通过索引访问矢量迭代器？

Question

Recently I came across this code in my codebase (Simplified for here, of course)

auto toDelete = std::make_shared<std::string>("FooBar");
std::vector<decltype(toDelete)> myVec{toDelete};
auto iter = std::find_if(std::begin(myVec), std::end(myVec), 
   [](const decltype(toDelete) _next)
   {
      return *_next == "FooBar";
   });

if (iter != std::end(myVec))
{
   std::shared_ptr<std::string> deletedString = iter[0];
   std::cout << *deletedString;
   myVec.erase(iter);
}

Online Example

Now, I noticed that here we are accessing an iterator by indexing!

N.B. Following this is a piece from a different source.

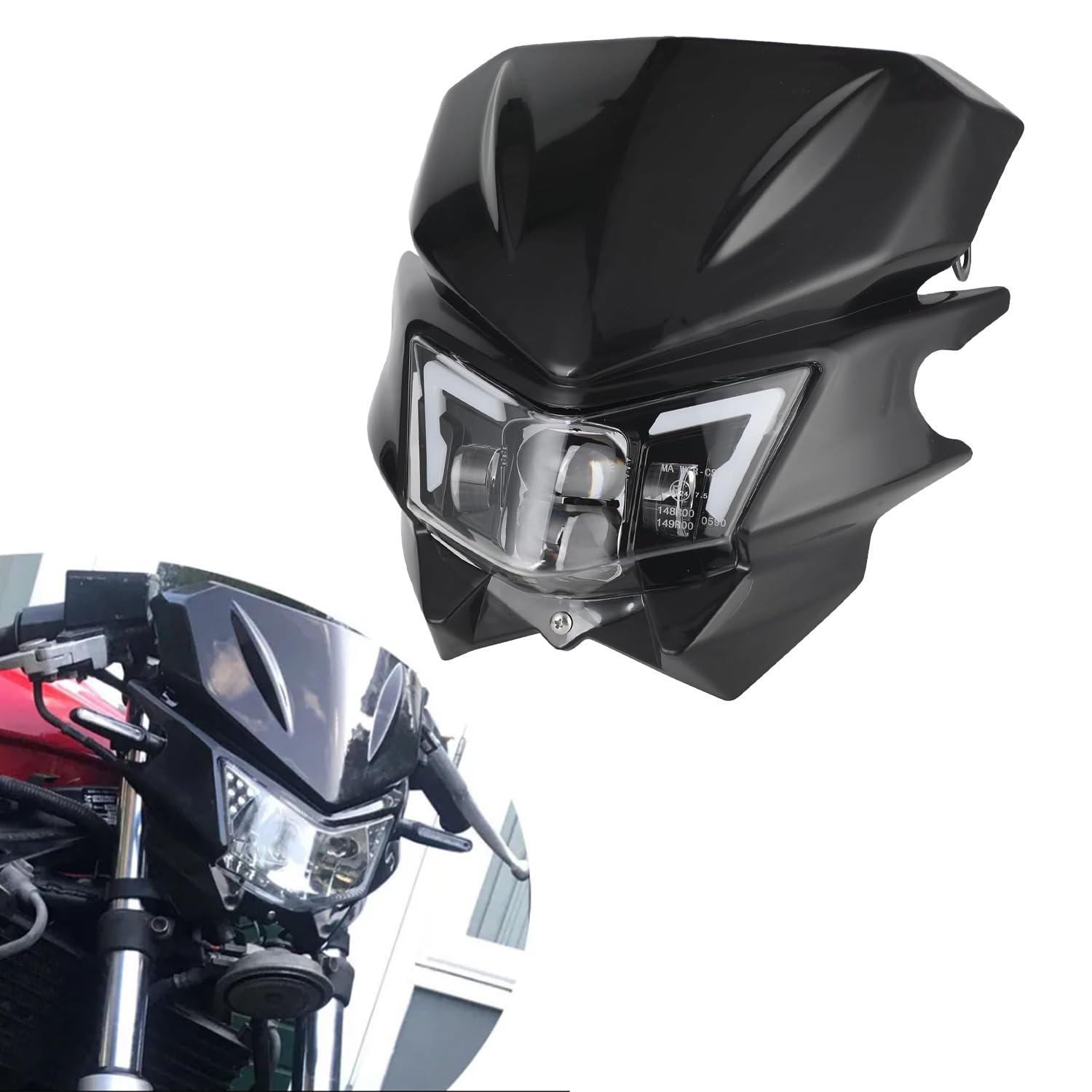 Motorrad Scheinwerfer,Motorrad Lichtmaske Verkleidung Maske-Schwarz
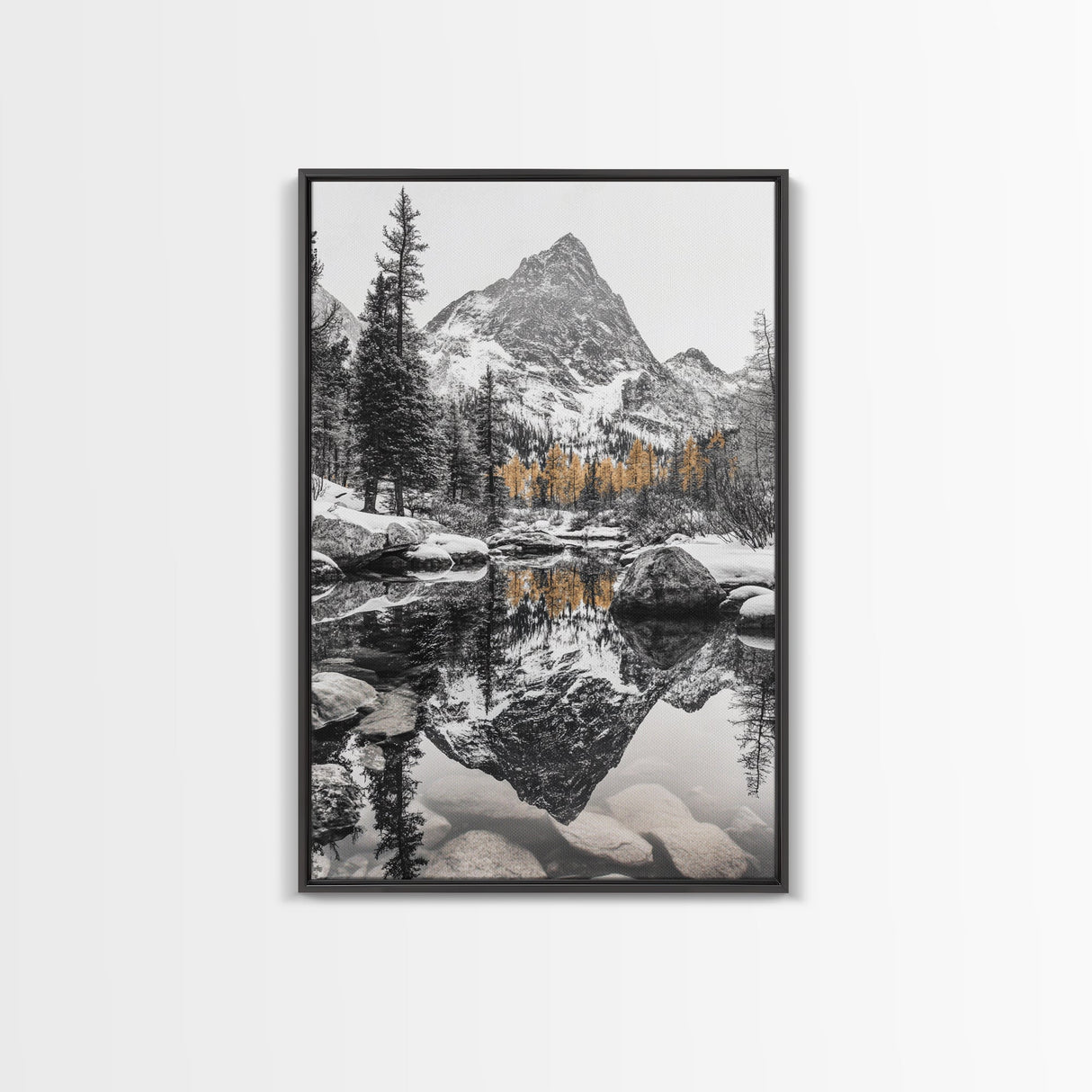 Snow Reflection Forest, Autumn Trees, Serene Mountain River, Framed Canvas Print, Bedroom Wall Art, Peaceful Cabin Scene, Fall Art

std::shared_ptr<std::string> deletedString = iter[0];

I've never seen anyone access an iterator by indexing before, so all I can guess at is that the iterator gets treated like a pointer, and then we access the first element pointed to at the pointer. So is that code actually equivalent to:

std::shared_ptr<std::string> deletedString = *iter;

Or is it Undefined Behavior?

Answer 1

From the cppreference documentation for RandomAccessIterator:

Expression: i[n]

Operational semantics: *(i+n)

Since a std::vector 's iterators meet the requirements of RandomAccessIterator, indexing them is equivalent to addition and dereferencing, like an ordinary pointer. iter[0] is equivalent to *(iter+0) , or *iter .

Answer 2

This is Standard conforming behavior

24.2.7 Random access iterators [random.access.iterators]

1 A class or pointer type X satisfies the requirements of a random access iterator if, in addition to satisfying the requirements for bidirectional iterators, the following expressions are valid as shown in Table 118.

a[n] convertible to reference: *(a + n)

Note that it is not required that the particular iterator is implemented as a pointer. Any iterator class with an overloaded operator[] , operator* and operator+ with the above semantics will work. For std::vector , the iterator category is random access iterator, and it it required to work.